>>>>

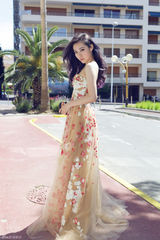 组图：张靓颖亮相戛纳红毯 碎花礼服性感秀腿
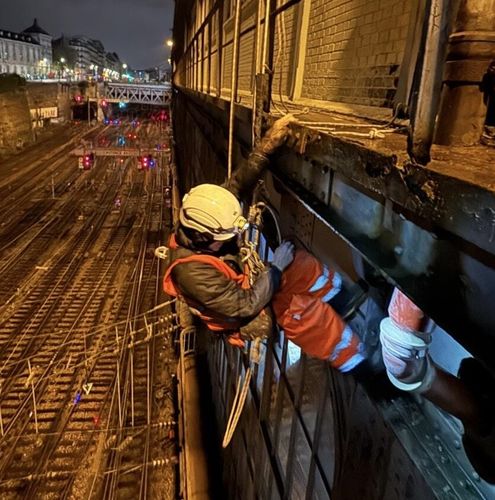 Cordiste UNICORDE au travail de nuit sur la faÃÂ§ade du parking, Paris 17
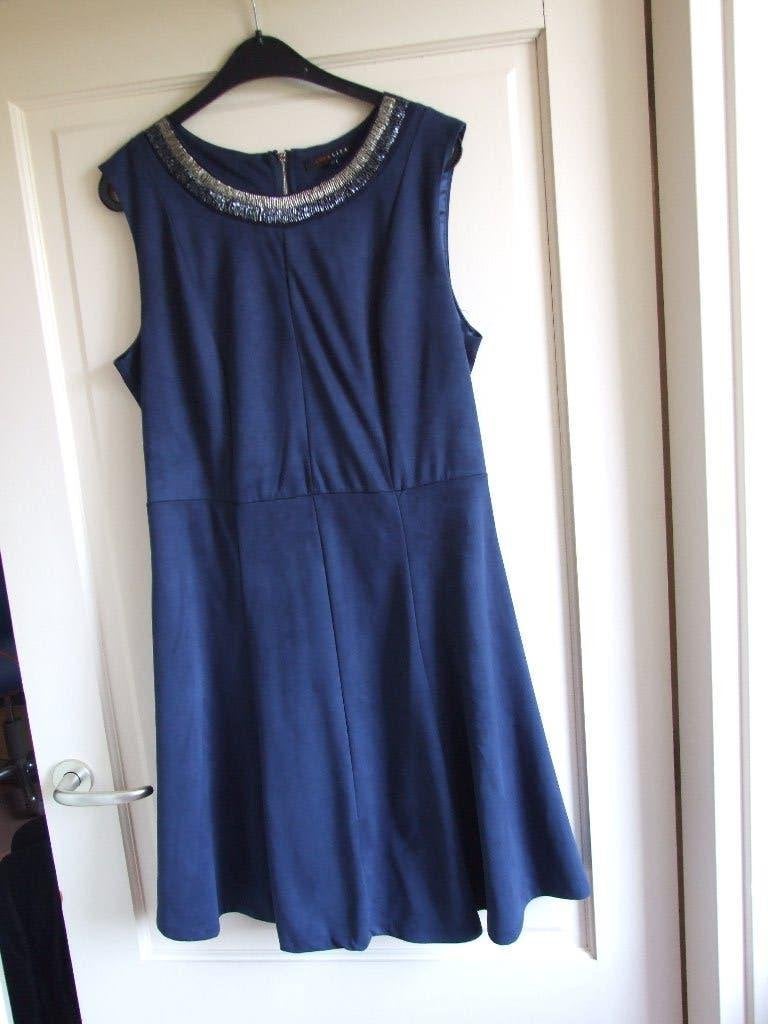 Lola & Liza nieuw blauwe jurk met kraaltjes maat 42, Blauw, Maat 42/44 (L), Nieuw, Ophalen of Verzenden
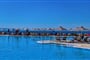Hotel Apollonion Asterias Resort & Spa: fotografie vybavení exteriérů a interiérů ubytování.
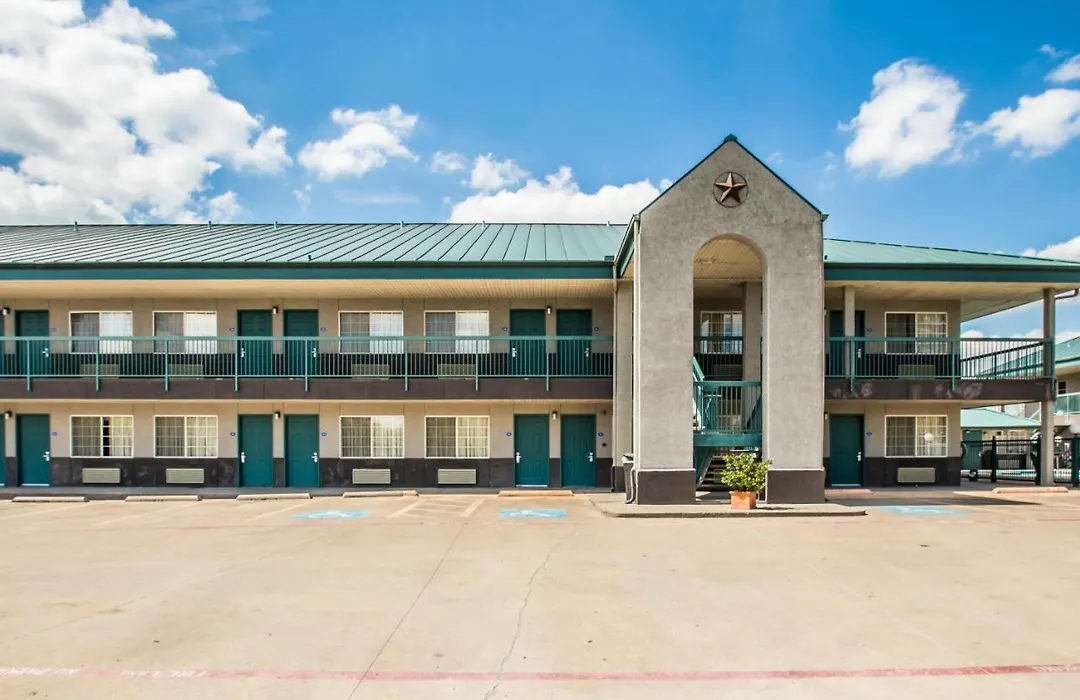 Americas Best Value Inn Fort Worth-1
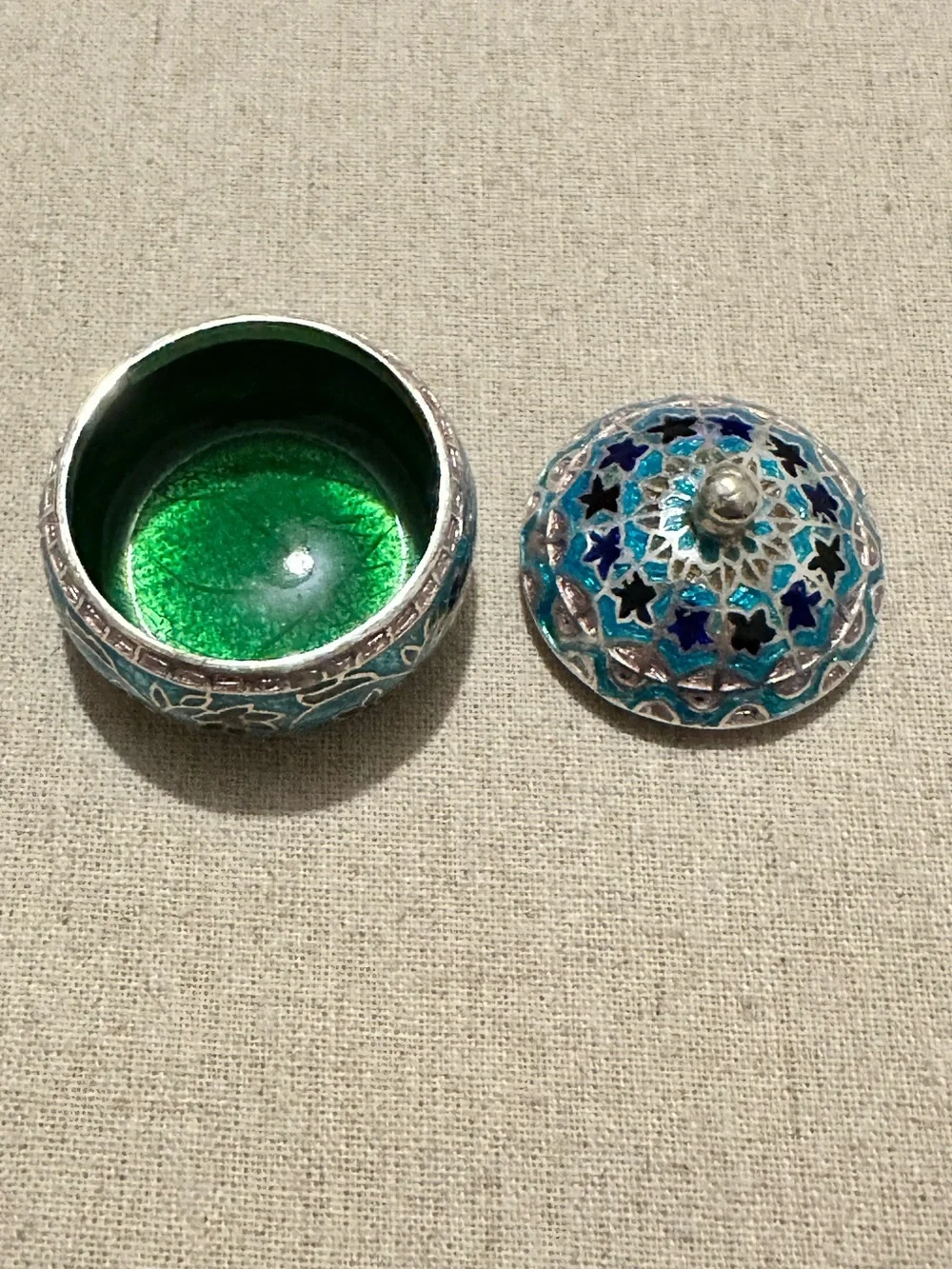 Vintage | Trinket Holder | Handcrafted Turquoise Floral Enamel Trinket Box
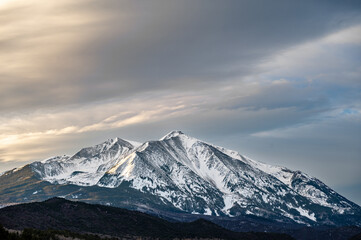 Obraz premium Mount Sopris near Carbondale, Colorado under silver gray spring sunrise cloudscape.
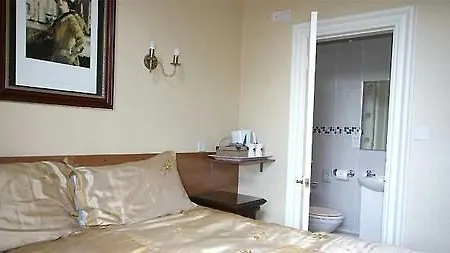 Allison House 16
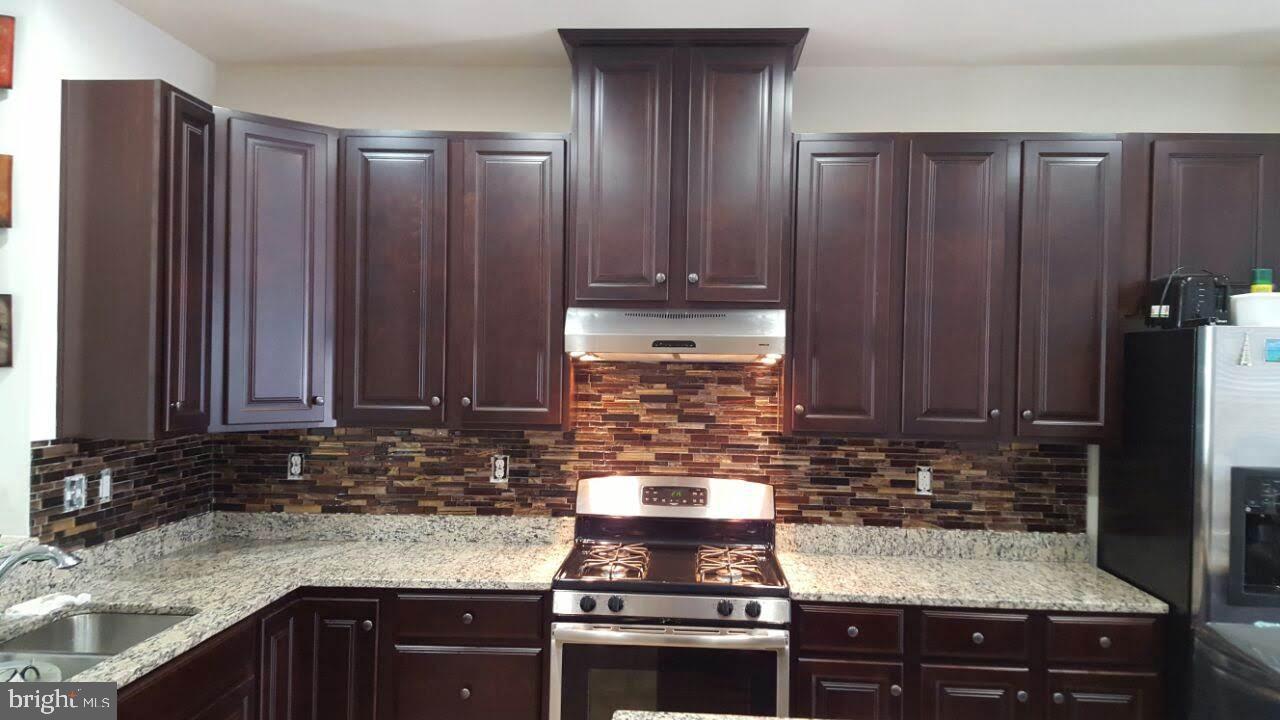 ESPLANADE AT RED RUN - Residential Lease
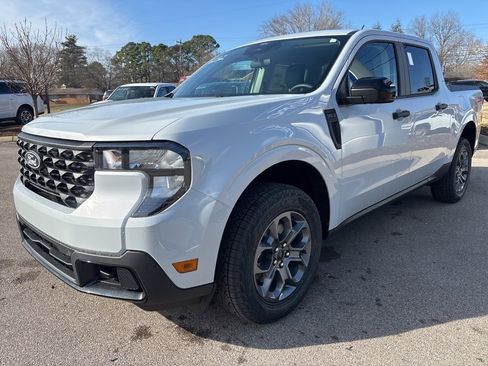 New 2026 Ford Maverick XLT w/ XLT Luxury Package image 3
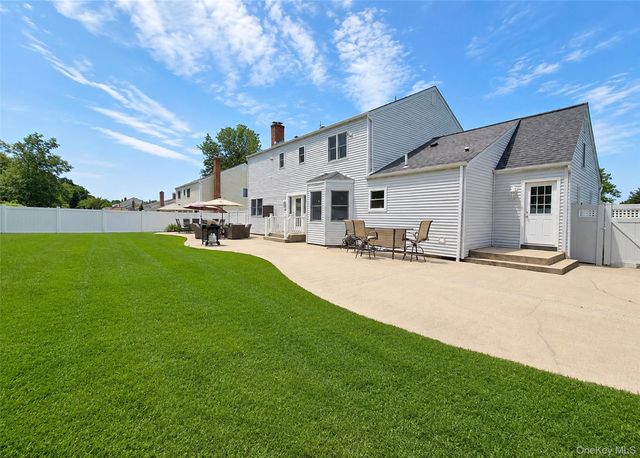73 Springmeadow Drive, Holbrook, NY 11741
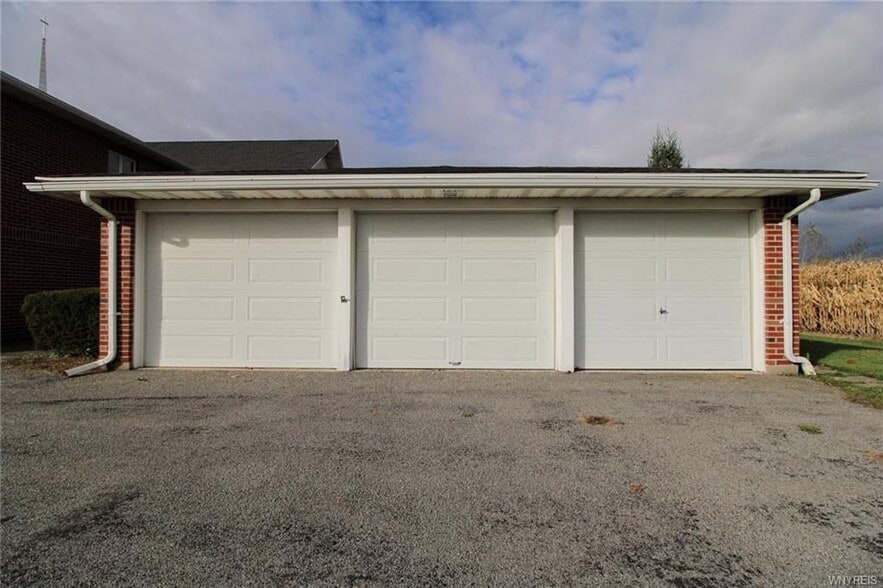 More Photos Of 16789 Kenmore Rd, Kendall Office For Sale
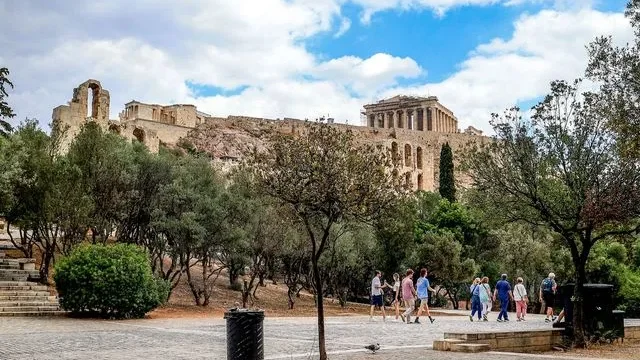 Καιρός 4/6: Άστατος με υψηλές θερμοκρασίες – Τι λένε οι Αρνιακός – Ζιακοπούλου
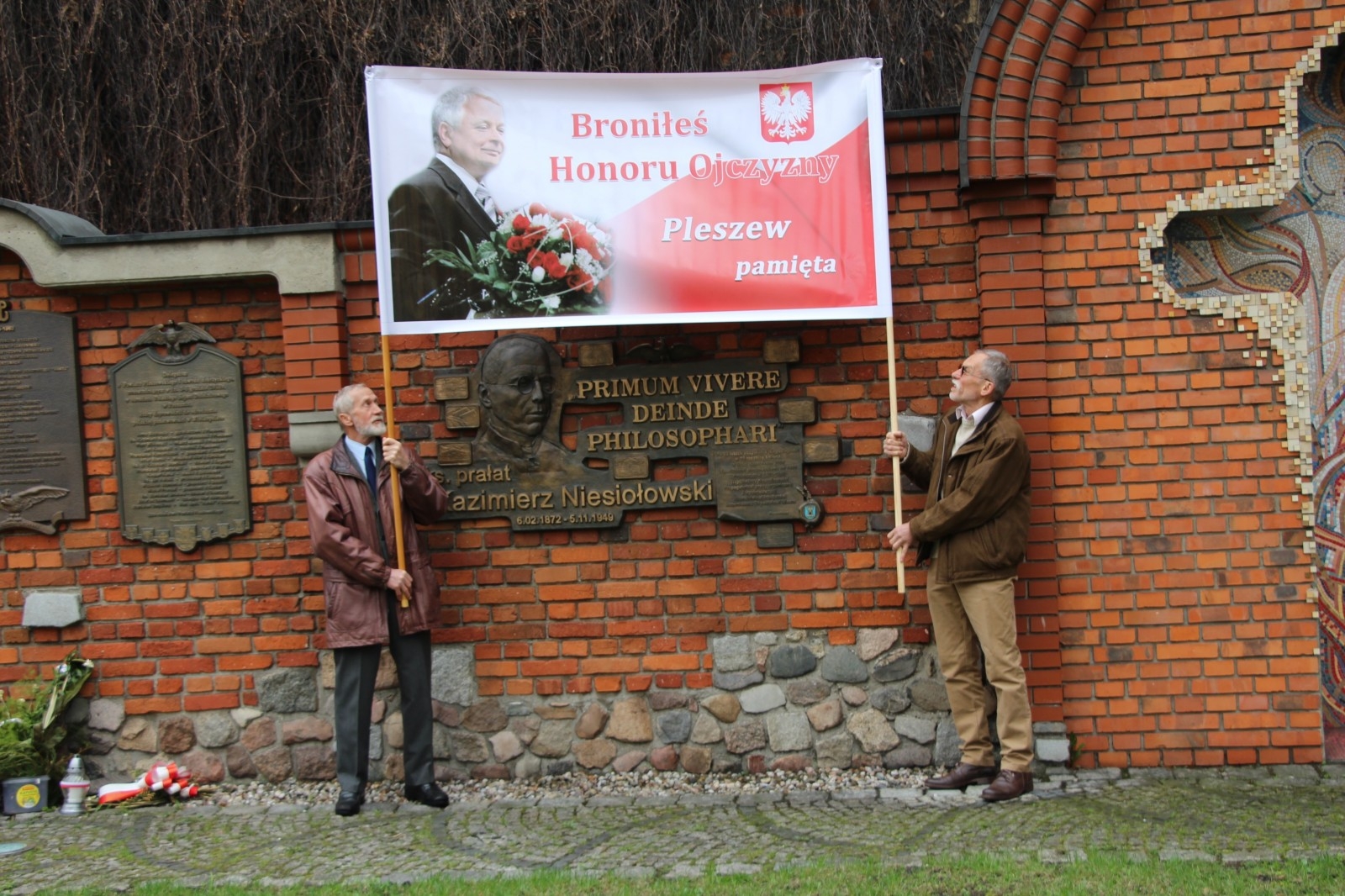 Msza i kwiaty w rocznicę katastrofy smoleńskiej - Zdjęcie główne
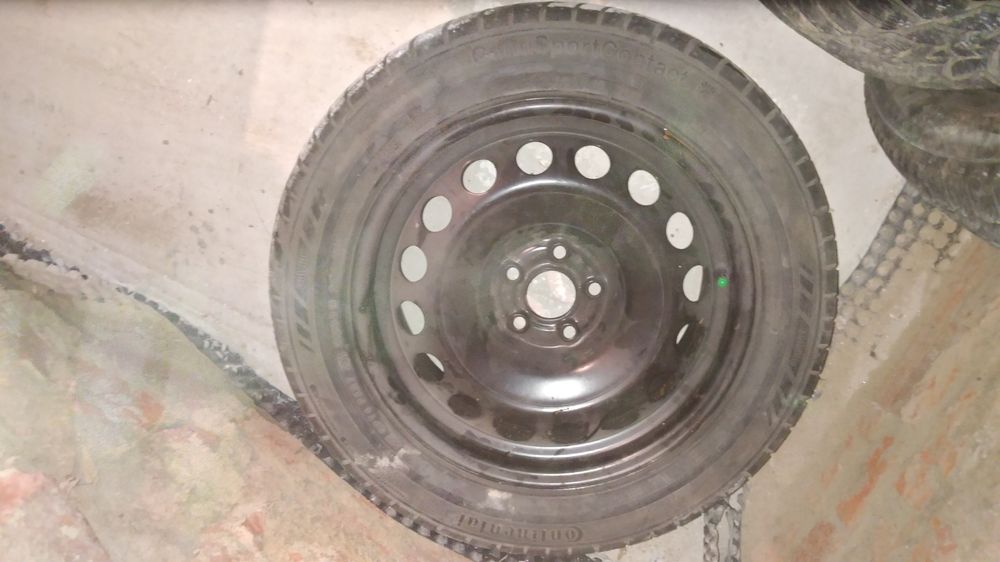 Cauciucuri de Vara , 195/65 R15 și o roată de rezervă 205/55 R16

<<<<

## Work task:
Beginning at the line that contains "Καιρός 4/6: Άστατος", copy each remaining line of the records exactly, through the final one. Omit the pictures.

## Solved exercise:
 Καιρός 4/6: Άστατος με υψηλές θερμοκρασίες – Τι λένε οι Αρνιακός – Ζιακοπούλου
 Msza i kwiaty w rocznicę katastrofy smoleńskiej - Zdjęcie główne
 Cauciucuri de Vara , 195/65 R15 și o roată de rezervă 205/55 R16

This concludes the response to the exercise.